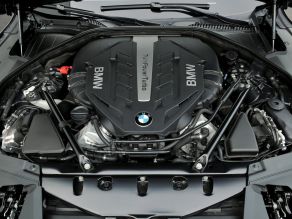 BMW 750Li - N63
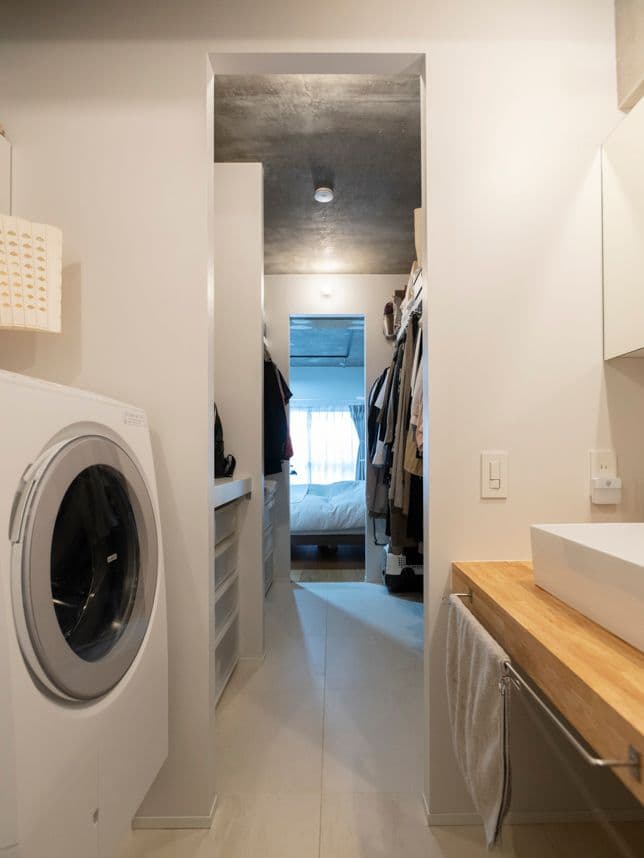 中古マンションのリノベーション後の洗面室から見たクローゼット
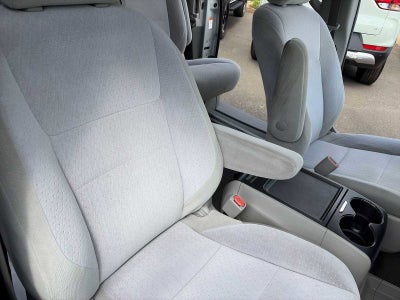 2020 Toyota Sienna LE Auto Access Seat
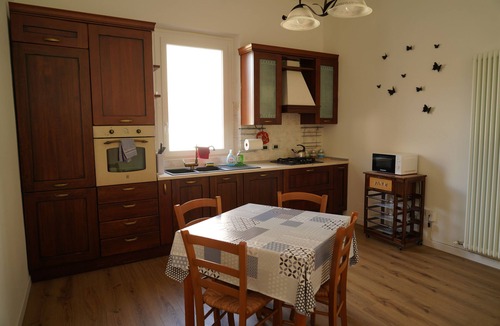 Ancona Apartment | Cleo Viola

::::::::

** How to complete this task **
Exactly as they stand, write the lines from the one holding "2020 Toyota Sienna LE Auto Access Seat" to the end of the material, both ends included. Do not copy the pictures.

** Written response **
 2020 Toyota Sienna LE Auto Access Seat
 Ancona Apartment | Cleo Viola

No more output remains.